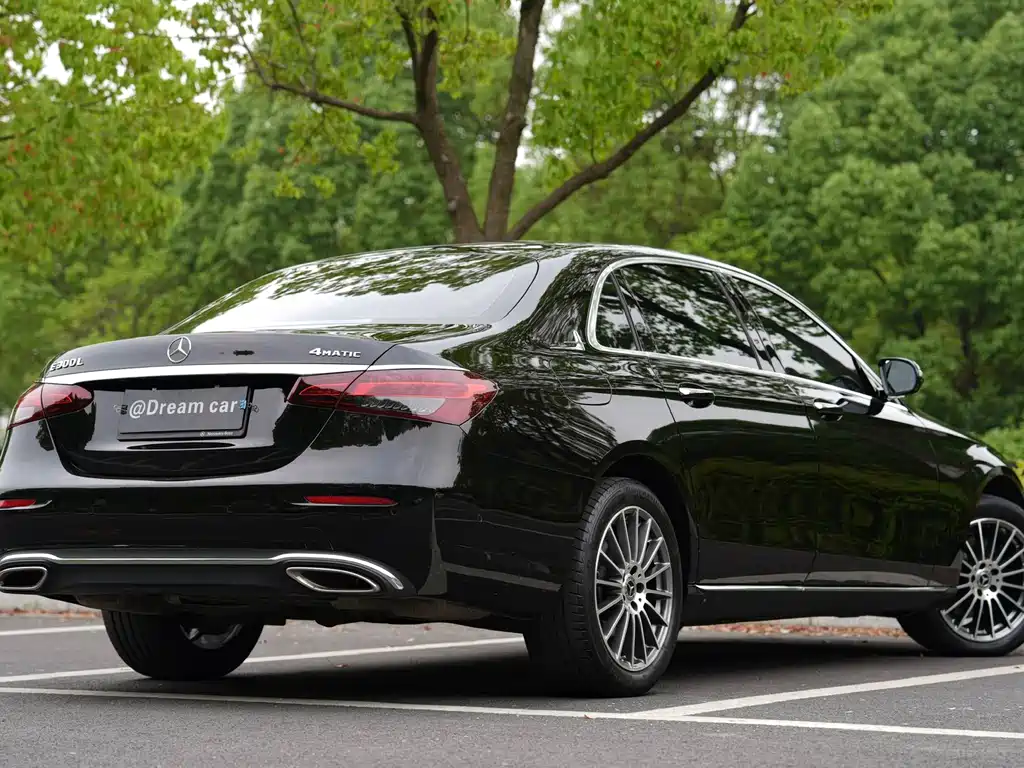 Mercedes-Benz E-Class 2023 — фото 4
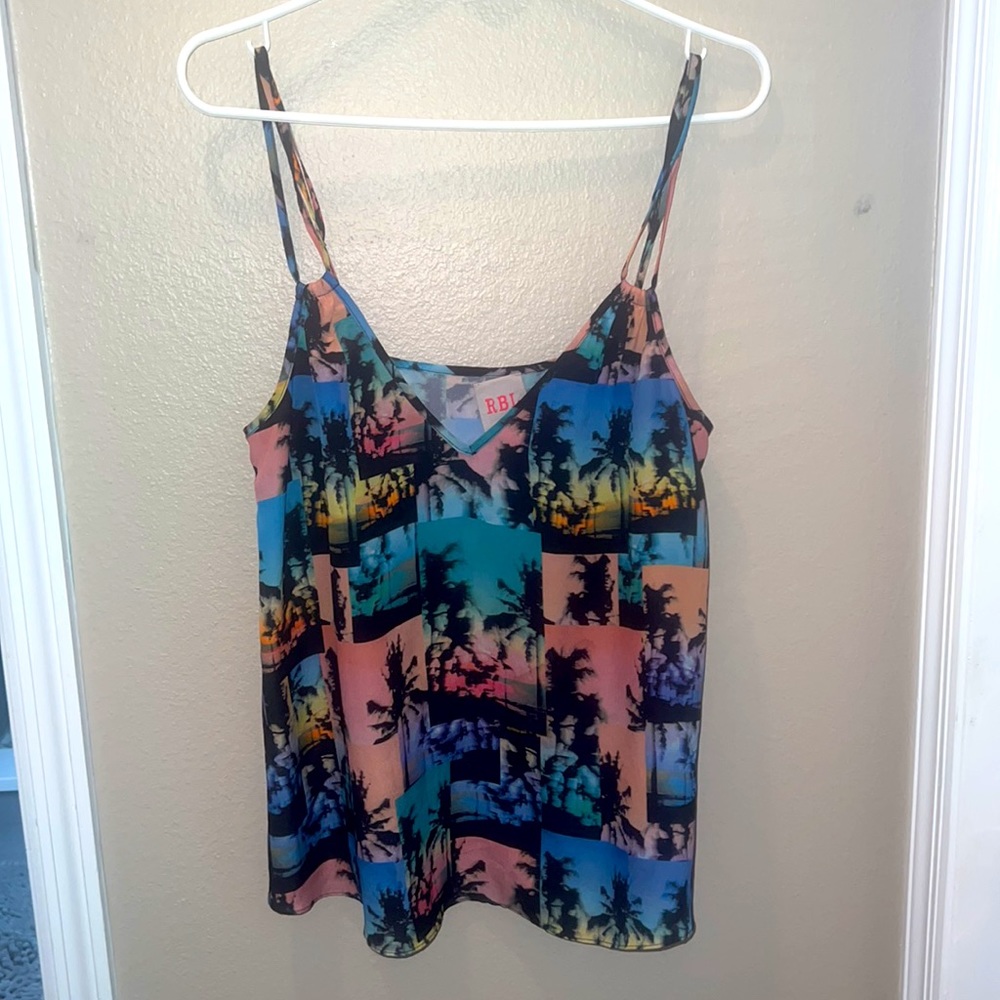 Beautiful beachy blouse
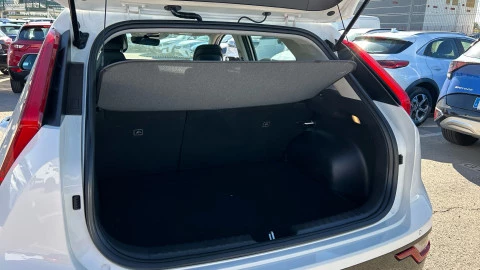 Kia Niro 1.6 GDi HEV 104kW (141CV) Drive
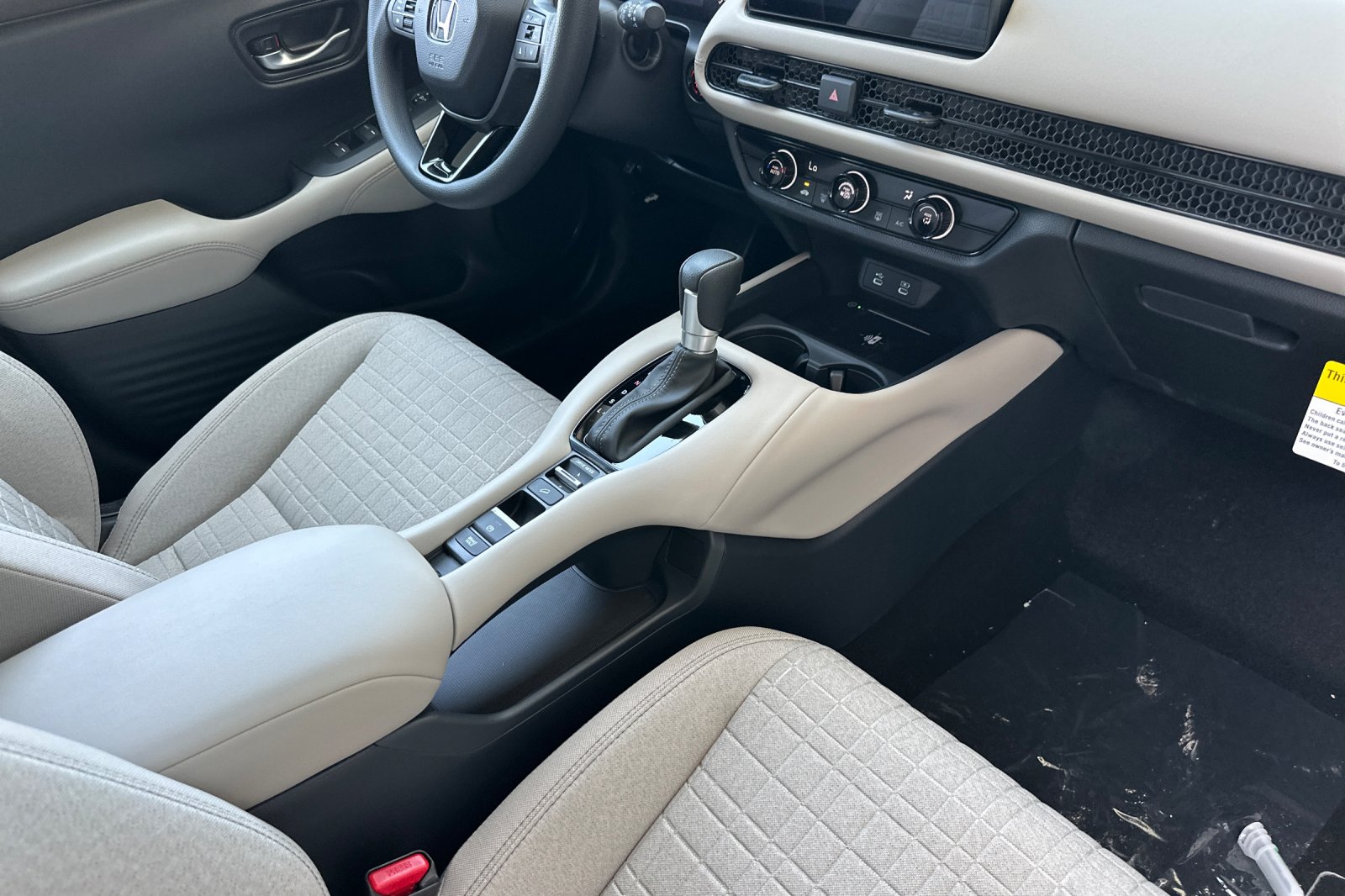 2026 Honda HR-V LX - Photo 17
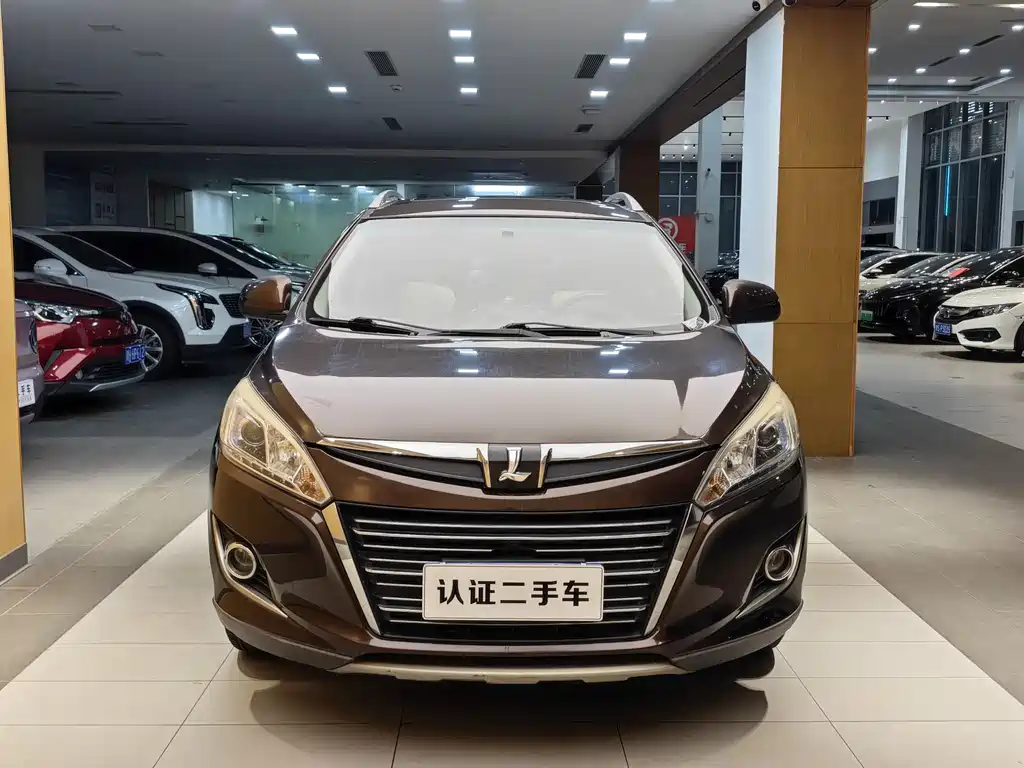 URX 6 SUV 1.8 T Smart Supreme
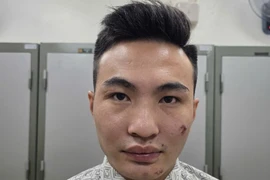 Nam thanh niên lao xe máy vào công an làm nhiệm vụ bảo vệ A80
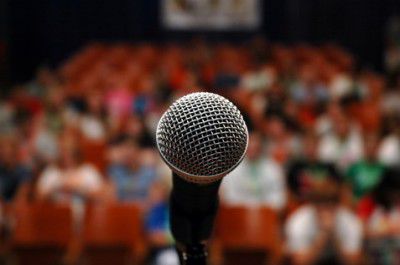 La rîndul său, preşedintele PD a menţionat că nimeni nu pune la îndoială că e nevoie de atins obiectivul de formalizare a unei majorităţi stabile şi constante.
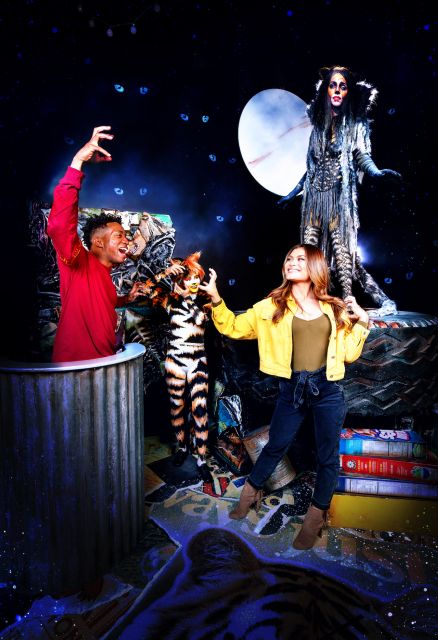 NYC: Madame Tussauds Entry Tickets - Photo stops made for families and friends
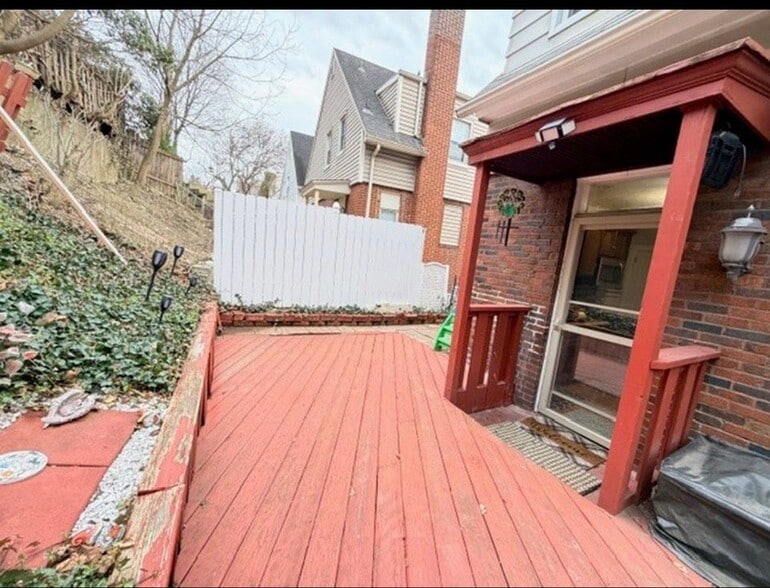 Building Photo - 1662 McFarland Rd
----------------------------------------
Task item
In the records above, find the line containing "URX 6 SUV 1.8 T Smart Supreme" and the line containing "La rîndul său, preşedintele", then give both of them again word for word along with every line between. Omit any pictures.

Exercise result
 URX 6 SUV 1.8 T Smart Supreme
 Nam thanh niên lao xe máy vào công an làm nhiệm vụ bảo vệ A80
 La rîndul său, preşedintele PD a menţionat că nimeni nu pune la îndoială că e nevoie de atins obiectivul de formalizare a unei majorităţi stabile şi constante.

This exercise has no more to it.